The autopsy said Tyler had been vomiting and that his siblings had similar symptoms the previous week, but it did not state the source of that information.
"Dehydration can be due to, or exacerbated by, intentional actions," Ross wrote, "but this cannot be definitely substantiated (or excluded) by the autopsy findings. The reported history obtained by Child Protective Services certainly warrants some consideration that there may have been some restriction of fluid intake."
This spring, Child Protective Services removed the remaining children from DeLeon's home and revoked her foster license.
In a Stevens County courtroom in July – in a hearing to determine the placement of the four remaining foster children from DeLeon's home – assistant Attorney General Dannette Allen said the child's emaciated condition was "a contributing factor to his death.
"Why is it she did not feed this child?" Allen asked.

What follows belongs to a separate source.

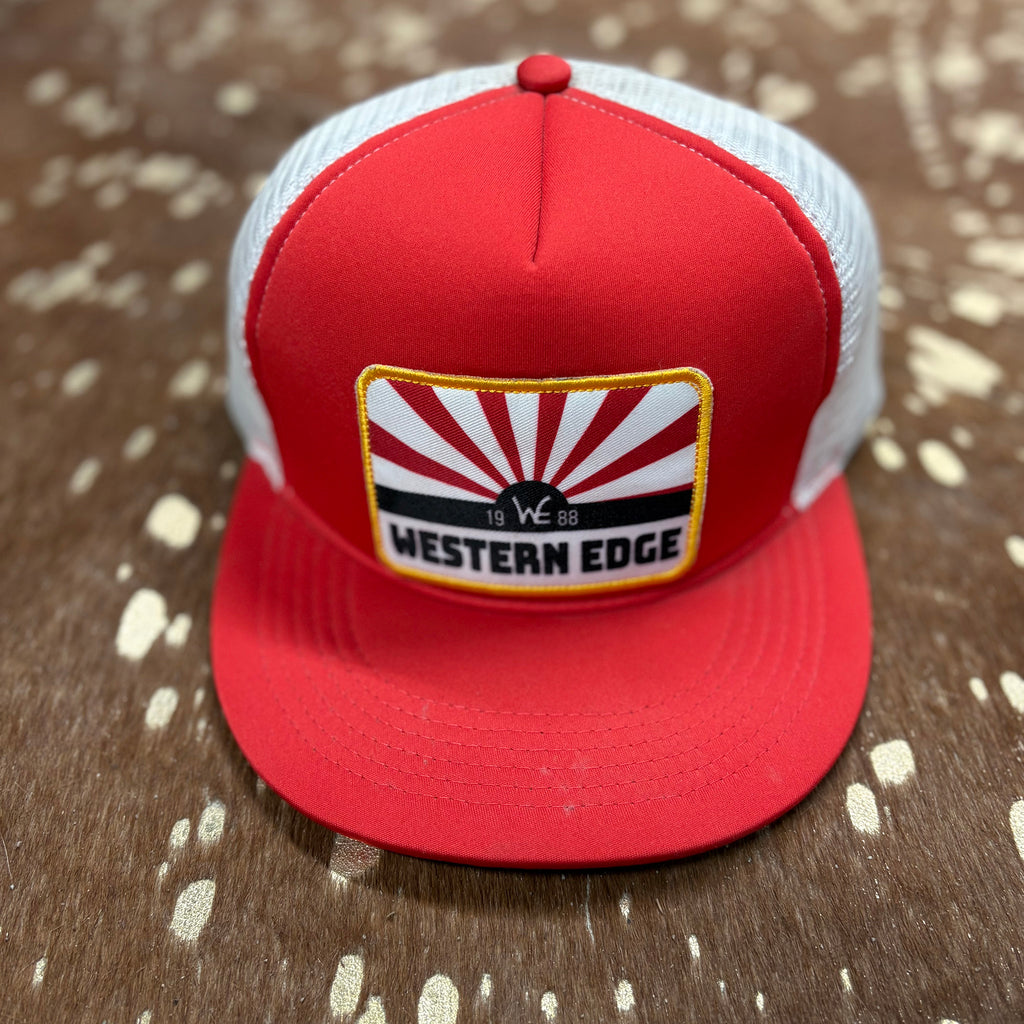 Red foam cap with white mesh back. cap has a patch on the front with gold stitched outline and red and white sunrise and black "Western Edge"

Oreskovich, her attorney, argued that the four children should be placed with DeLeon's parents, Joe and Greta Silva, who live next-door to DeLeon. The judge sided with the state's Division of Children and Family Services, which objected to placing the children with Carole DeLeon's parents.
In testimony, social worker Katie Paull stated that the Silvas did not believe the allegations against DeLeon, and thought the children should be returned to her care.
"The department is very concerned that they don't understand the risks," Paull said.
DeLeon's mother, Greta Silva, a 72-year-old retired school secretary, said she hoped to reunite the foster children, who are currently living in several different homes.
"I was their grandmother and I loved them," she said. "They are like my own children. I want them all to be together."
Silva said Tyler was "a happy little boy."
Joe Silva, a 74-year-old retired traffic engineer, said he would not allow DeLeon to have visits with the children unless they were approved by the state.
But, he added, "as far as I'm concerned, they belong with their mother."